In clinical studies, patients on opioids often needed higher serum pegvisomant concentrations
to achieve appropriate IGF-I suppression compared with patients not receiving opioids.
The mechanism of this interaction is not known.
Drug/Laboratory Test Interactions
Pegvisomant has significant structural similarity to GH, which causes it to cross-react
in commercially available GH assays. Because serum concentrations of pegvisomant
at therapeutically effective doses are generally 100 to 1000 times higher than endogenous
serum GH levels seen in patients with acromegaly, commercially available GH assays
will overestimate true GH levels. Treatment with SOMAVERT should therefore not be
monitored or adjusted based on serum GH concentrations reported from these assays.
Instead, monitoring and dose adjustments should only be based on serum IGF-I levels.
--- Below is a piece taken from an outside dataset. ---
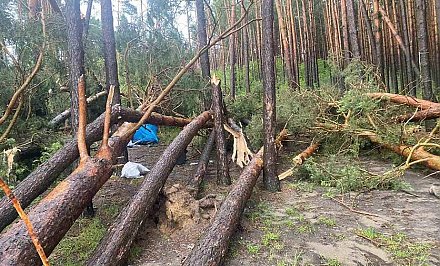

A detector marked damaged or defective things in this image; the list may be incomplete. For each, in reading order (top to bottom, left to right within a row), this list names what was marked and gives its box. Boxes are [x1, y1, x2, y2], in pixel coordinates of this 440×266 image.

splintered wood [225, 123, 253, 167]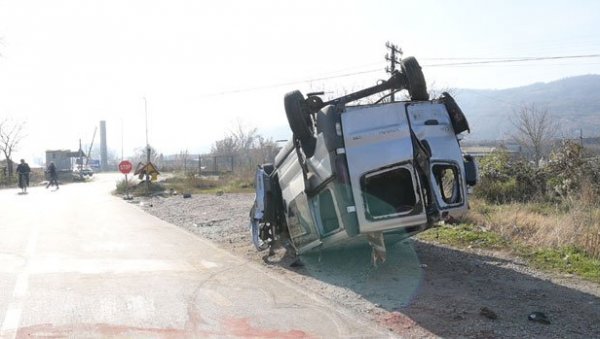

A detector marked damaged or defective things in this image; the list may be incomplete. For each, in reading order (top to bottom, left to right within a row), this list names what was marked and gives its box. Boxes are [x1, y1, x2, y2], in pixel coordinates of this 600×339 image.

Carcinogenesis, Mutagenesis, Impairment of Fertility
Standard two-year rodent bioassays have not been performed with pegvisomant. Pegvisomant
was not mutagenic in the Ames assay or clastogenic in the in vitro chromosomal
aberration test in human lymphocytes. Pegvisomant was found to have no effect on
fertility and reproductive performance of female rabbits at subcutaneous doses up
to 10 mg/kg/day (10 times the maximum human therapeutic exposure based on body surface
area, mg/m2).
Pregnancy: Pregnancy Category B
Early embryonic development and teratology studies were conducted in pregnant rabbits
with pegvisomant at subcutaneous doses of 1, 3, and 10 mg/kg/day. There was no evidence
of teratogenic effects associated with pegvisomant treatment during organogenesis.
At the 10-mg/kg/day dose (10 times the maximum human therapeutic dose based on body
surface area), a reproducible, slight increase in post-implantation loss was observed
in both studies. There are no adequate and well-controlled studies in pregnant women.
Because animal reproduction studies are not always predictive of human responses,
SOMAVERT should be used during pregnancy only if clearly needed.
Nursing Mothers
It is not known whether pegvisomant is excreted in human milk. Because many drugs
are excreted in milk, caution should be exercised when SOMAVERT is administered
to a nursing woman.
Pediatric Use
The safety and effectiveness of SOMAVERT in pediatric patients have not been established.
Geriatric Use
Clinical studies of SOMAVERT did not include sufficient numbers of subjects aged
65 and over to determine whether they respond differently from younger subjects.
In general, dose selection for an elderly patient should be cautious, usually starting
at the low end of the dosing range, reflecting the greater frequency of decreased
hepatic, renal, or cardiac function, and of concomitant disease or other drug therapy.